Bookish {- Adjective. 1. given or devoted to reading or study.} 2011


Book 1

The Book of J - Harold Bloom + Translation by David Rosenberg


Book 1 was an interesting choice to start my new year reading with. Although The Book of J was very controversial upon its release (and remains so), I think poses some interesting bits to chew on concerning the holy texts, the first five books of the Bible. An NYTimes reviewer puts it so well, "In "The Book of J" bright ideas gleam, vanish and are replaced by more. It pains a reviewer to be able to discuss so few of them. Believers, fundamentalists, may be shocked, but the effect on others will surely be refreshing, with just a little of the jolt that one sometimes gets from looking at a familiar painting newly cleaned" (citation).
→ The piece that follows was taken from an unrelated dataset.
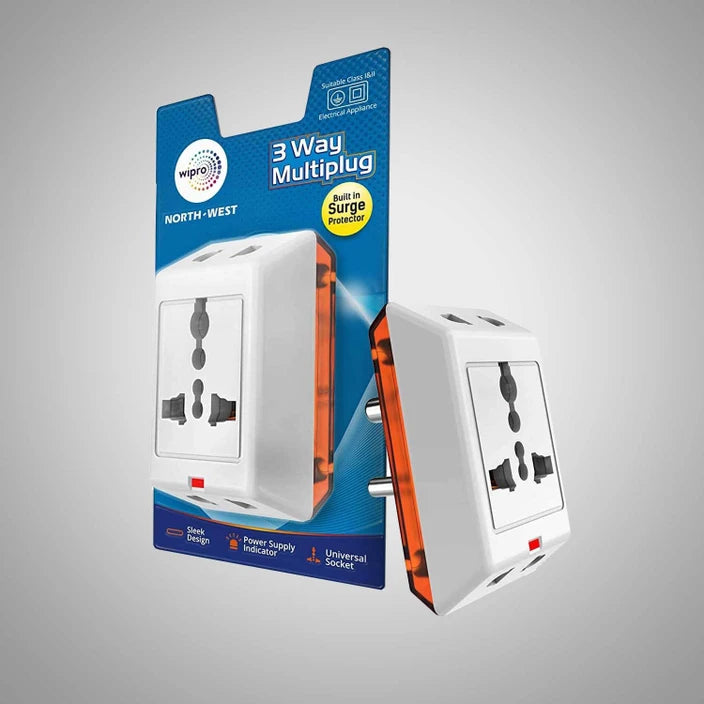 Wipro 3 Way Multiplug Adaptor with 1 Universal Sockets
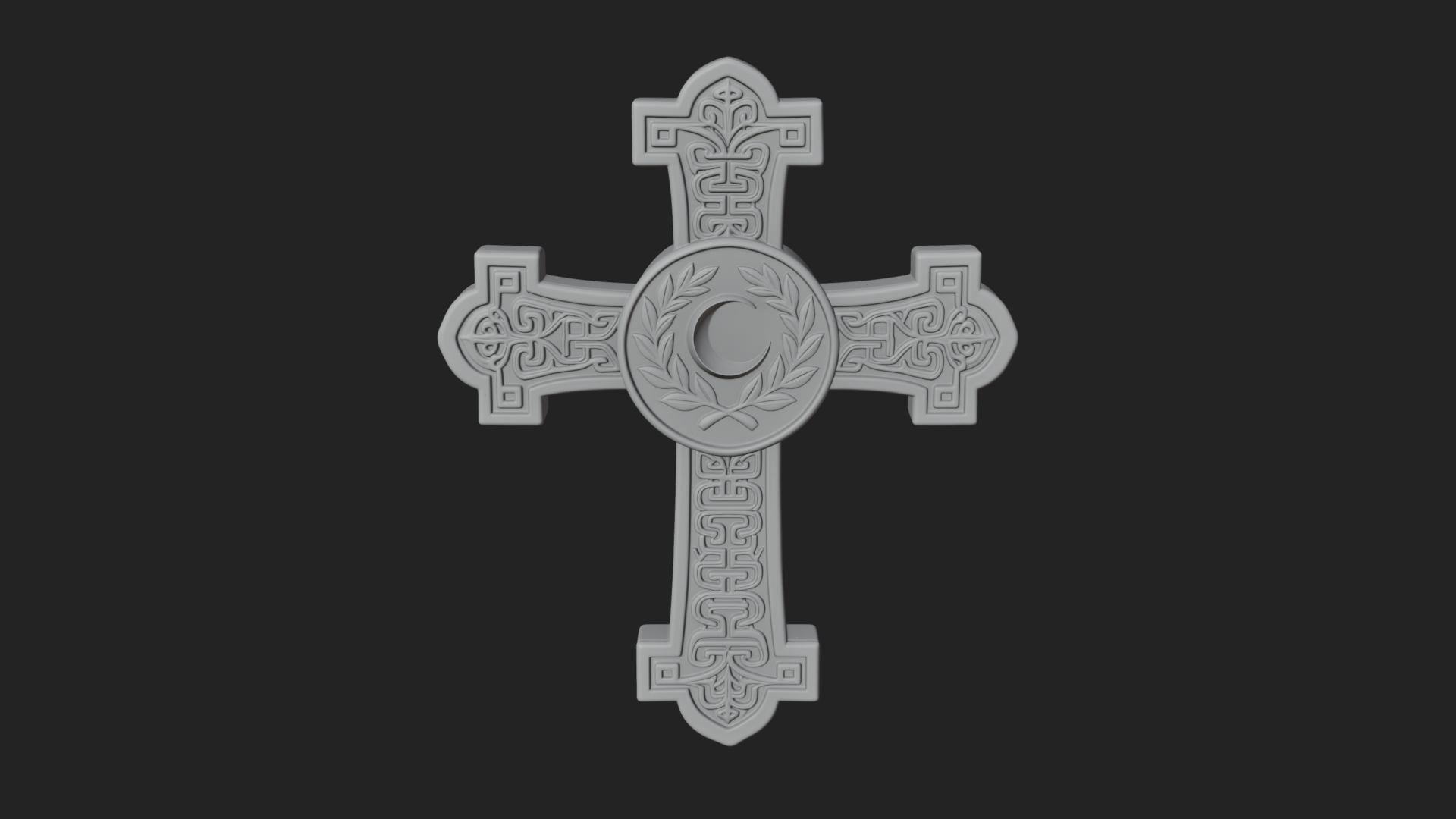 Carved Relief Wall Cross Design 354 3D Print Model 3D Model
To begin, Bloom presents us with an introduction to The Book of J. What is the book of J? In some schools of Biblical scholarship, these first five books are speculated to be a redaction of at least 4 different manuscripts from 4 writers that were later edited together. The "J" writer is one of the oldest and that which refers to God as Yahweh or Jahweh (the others labeled "E" that which refers to God as Elohim; "P" a priestly contributor who wrote Leviticus, "D" who contributed much to Deuteronomy, and "R" the redactor who compiled the works into the form as we know them presently. While some speculate that there were many "J" writers, Bloom poses that "J" was one person and a brilliant, educated, woman of court. He further poses that "J" is "no more a religious writer than Shakespeare" and a brilliant ironist, a sublime poet of equal caliber (and, if you're familiar with Bloom you realize it is the highest praise he can offer). "He believes, correctly, that people rarely talk much sense about texts without thinking of them as having authors; hence this historical construct" (same citation).

Following Bloom's introduction and speculation of "J" is a translation of the work considered to be The Book of J. Rosenberg's translation "offers a rendition of her book intended to stay close to her rugged Hebrew, avoiding the accents of the King James Version (which, superb as it is, tends to make J and E and the rest sound the same) while avoiding also the blandness of the modern versions. This bold and deeply meditated translation attempts to reproduce the puns, off-rhymes and wordplay of the original. In some respects, however, it seems misguided. Dryden said that Spenser, in imitating the ancients, "writ no language," and to write modern English as if it could simulate the terseness and the rhythms of biblical Hebrew is to risk writing no language at all" (same citation). 

I found it interesting to read from an objective, academic standpoint. I want to formally note that this is not an expression or critique on any belief system, whatsoever. The subject matter itself is controversial and I refrain from relaying any personal commentary, only generally overviewing the text as I found it as I continue to catalog my reading.